Junior Josh Orhin, co-president of Harambee club, was fully aware of the stereotypes and assumptions that members of the Knox community might have about Harambee club.
“Generally, when you hear Harambee or you hear ‘African club’ you think that it’s just African students, but it’s not. Harambee is very diverse. We have people from different races, backgrounds and socio-economic statuses. Everyone is welcome,” Orhin said.
He wanted to showcase not just the diversity of Harambee club, but the diversity of Knox’s campus and the greater Galesburg community as well.
“I feel like it forwards the school’s diversity agenda and inclusiveness as well.
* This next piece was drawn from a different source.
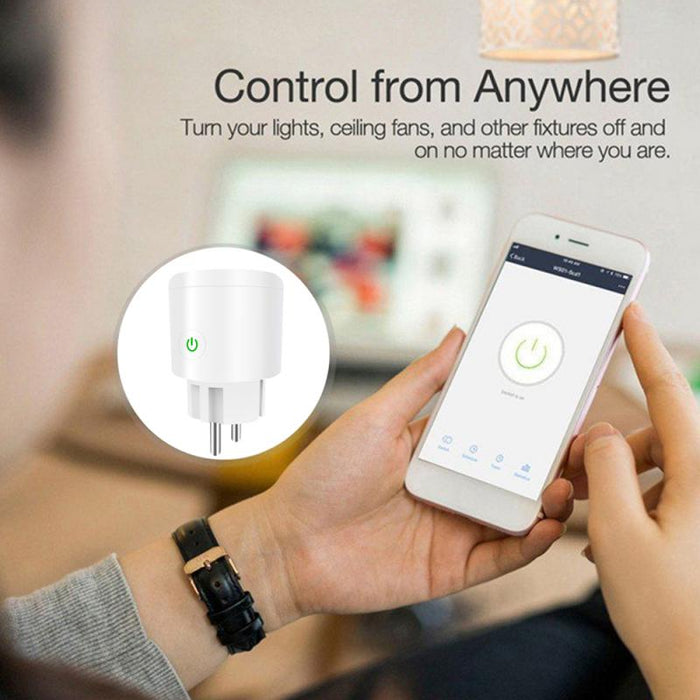 Choifoo EU Smart Wifi Socket Plug WiFi Wireless Remote Control Socket Adaptor Power On And Off With APP Work With Alexa Google Home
We want to make sure everyone is being included in something, so people don’t feel isolated and so people feel welcomed,” Orhin said.
Orhin, along with co-president of Harambee and sophomore Ravie Boungou, decided to slightly alter Harambee’s annual African show in order to incorporate other cultures. They decided to do this by choosing a theme that would not just resonate with African students on campus, but with everyone who chooses to listen.
“Our theme this year is Kitoko, which originates from the Congo. It’s in the Kikongo language meaning beauty or beautiful. So we’re celebrating not only the beauty in [Harambee] but we’ve also invited other clubs in our community to celebrate the beauty they have in their cultures as well,” Boungou said.
Harambee’s week of Kitoko began with a kick-off talk on Monday, followed by a cooking workshop, Adrinkra symbol-making, an African dance workshop and a business fair throughout the week. Everything was leading up to Harambee’s dinner and African show on Saturday. The performance showcased beauty, or Kitoko, in every way possible. “Beauty means culture,” said sophomore and event speaker Mae Moronfulu. Many cultures were represented through dance, song, fashion and flags. MEChA, Able and Lo Nuestro were a few of the cultural clubs to perform alongside Harambee club. The show was hosted by Nigerian comedian Mr. Cocoyam, who began the show by saying, “Community means there are no spaces,” and asked all the audience members to move forward so the community of the show could be tightly-knit and supportive.
Boungou agreed that representing different cultures is a thing of beauty, and a privilege that Knox students have.
“I think because we’re such a diverse [campus], we all bring different cultures but we shouldn’t be naive and not acknowledge the stereotypes that come and the ‘baggage’ that sometimes comes with having diverse cultures. So like with Africa, there are many negative stereotypes about that continent in general and the various countries in it, so it’s important to also be like, ‘Yes, there are “stereotypes” . . . but there’s also this beauty that we have.’ Showcasing that is very importantÉ History depicts African dance as savage and primitive, but it’s very beautiful and it’s something we should celebrate,” Boungou said. Boungou led the African dance workshop and performed at the show on Saturday.
Students who participated in the show felt inspired by the theme of Kitoko and what it stands for in today’s climate.
“I love the theme . . . I like that all the themes they choose are empowering in some manner. I think it works really well that with all the different political stances, everyone can still find beauty within,” senior Chava Solberg and member of Harambee club said.
“I think one of the cool things about it is that it’s not only the beauty within me but it’s the beauty within us,” sophomore Acacia Berg said. Berg danced in the show. “I think celebrating the beauty within a culture and a people in general is a really special thing that is cool to bring to Knox because instead of just accepting each other, which is obviously an important first step, [we are] celebrating each other and making each other feel welcome, which is very important.”